Donald Trump supporters take over the Capitol on Jan. 6, 2021. Photo: AFP

Another fifteen states, including Oregon, Virginia, New York and Nevada, are also deciding whether Trump can run in the elections.

The Importance of the Supreme Court's Decision and the Distribution of Seats

In the complex U.S. political and electoral system, where states are in charge of organizing elections, even if they are presidential elections, each one has its own laws and rules, so similar demands can have a different outcome.

That is where the Supreme Court becomes more important, since a ruling of the high court should be respected throughout the nation.

Six of the nine members of the High Court are considered conservatives, three of them nominated by Trump himself during his term, so it would be surprising if they do not agree with the former president.

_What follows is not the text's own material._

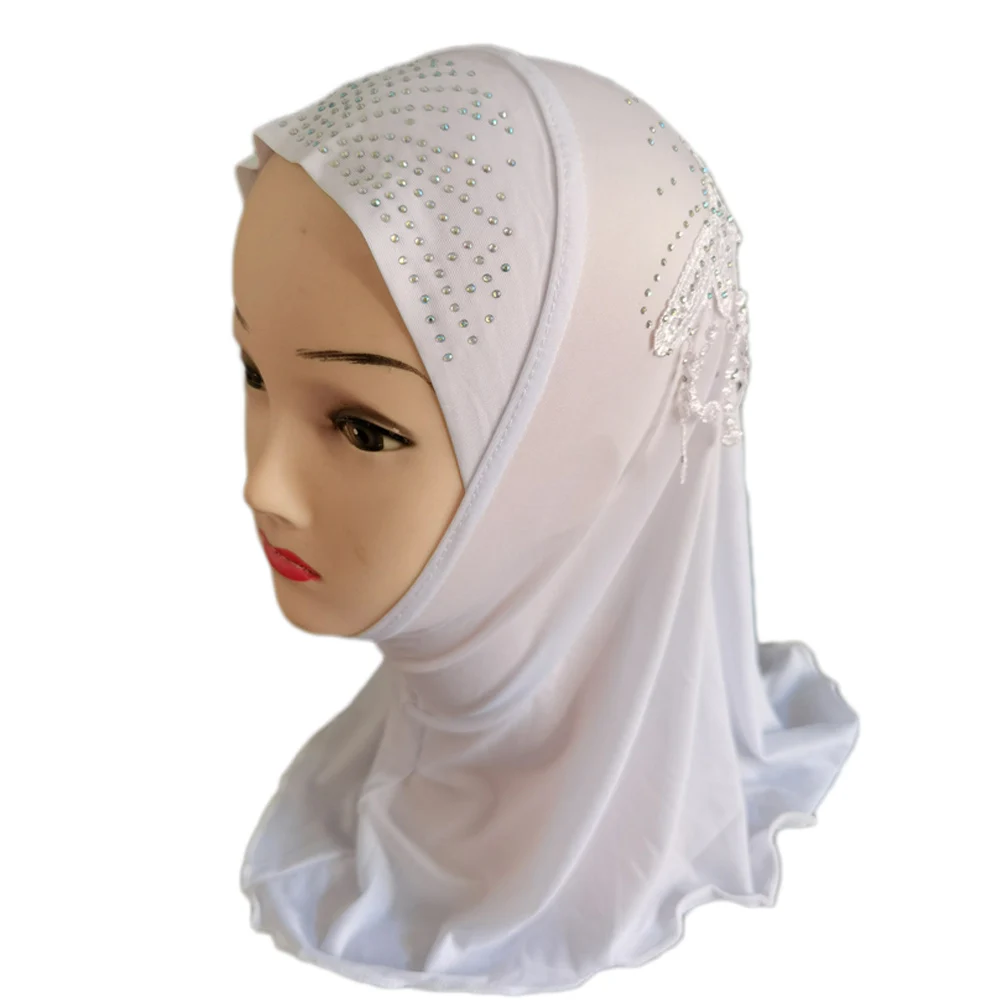 Muslim Kids Girls Hijab Islamic Headscarf Rhinestoen Tassel Scarf One Piece Amira Children Middle East Full Cover Head Wrap 2-6Y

The building that houses the U.S. Supreme Court, in Washington. Photo: EFE

However, the fact that some of them are followers of "originalism," a legal current that advocates interpreting the Constitution as written by the founders, sows doubts about the Supreme Court's future decision.

Although the public hearing to study the case will be on February 8, it is not yet known when the U.S. Supreme Court will issue its ruling and it is also not known how far it will go.

The primaries in both Colorado and Maine are scheduled for March 5.